If you find yourself wandering into any coffee roastery worldwide you will be greeted with the intoxicating aroma of fresh coffee and the sounds of endless slurping. This slurping is one of the most important aspect of producing great quality coffee. It is the technique we use to evaluate coffee and it is called cupping. Cupping used by producers, buyers and roasters around the world check the quality of coffee and assess aspects such as cleanness, sweetness, acidity, mouthfeel and aftertaste.
Cupping involves using a spoon to sample a coffee brewed in a cup in a standardised way, taking a good slurp and then if needed spitting it out.
Some of the flavour notes of coffee include fruity (such as blackberry, raisin or peach), spices (pepper, cinnamon), sweet (maple syrup, vanilla), floral (jasmine, rose), cereal (malt, grain). Cupping accurately is a skill that can take a long time to learn (and some people are better at discriminating different tastes than others). But learning the basics of how to cup coffee will enrich your coffee drinking experiences and help you appreciate your coffee more.
What do you need for cupping?
Glasses or cups
Cupping spoons, similar to soup spoons
Coarsely grind 11g of coffee.
Smell the ground coffee to experience the dry fragrance.
Add 200g of just off the boil water and steep for 4 minutes.
Smell the wet aroma
After 4 minutes briskly stir the crust of the coffee so that it settles and stops brewing.

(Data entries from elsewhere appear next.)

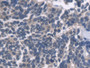 DAB staining on IHC-P; Samples: Human Lung cancer Tissue;  Primary Ab: 20µg/ml Mouse Anti-Human EDN1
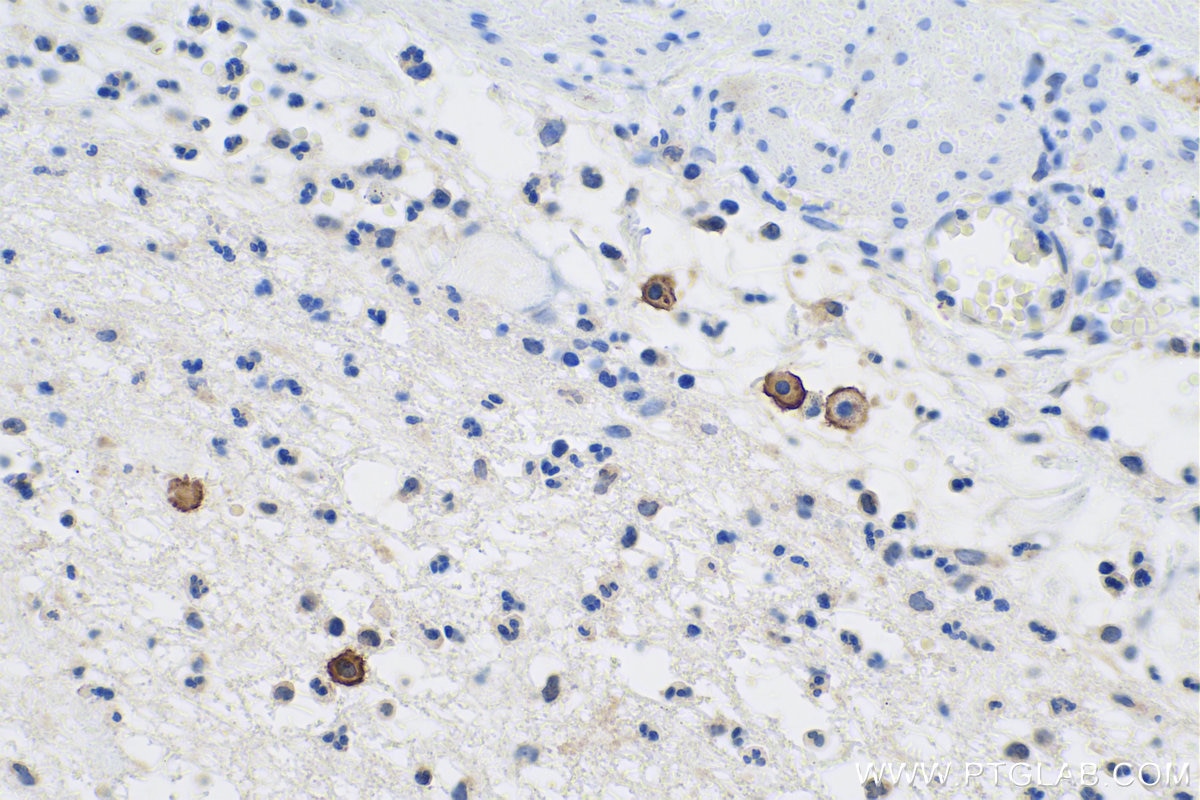 Immunohistochemical analysis of paraffin-embedded human appendicitis tissue slide using KHC0818 (KIT/CD117 IHC Kit).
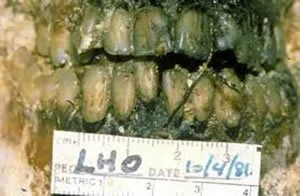 oswald-teeth.jpg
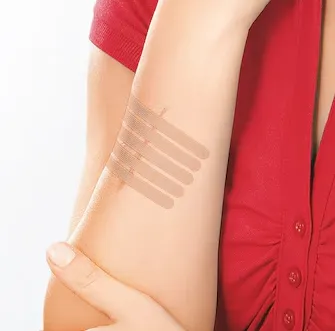 Leukoplast® wound closure strip, 6mm x 38mm (60ks v balení)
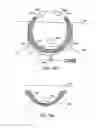 Fig. 72 - Systems, methods and devices relating to delivery of medical implants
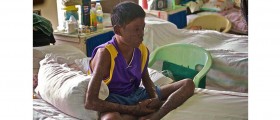 Leprosy - Unfinished Story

Use a pair of spoons to remove any crust that remains floating on top.
Taste the coffee using a spoon as it cools.
Describe the fragrance, aroma, acidity, flavour and finish (aftertaste) of each coffee.
The flavours of the coffees change as they cool because our ability to taste depends on the temperature. So we often do a few rounds of tasting the coffees on the table.
At Stash Coffee we cup every batch of coffee that we roast, to ensure that each roast meets our stringent quality control. We also cup because we keep learning and challenging ourselves to improve.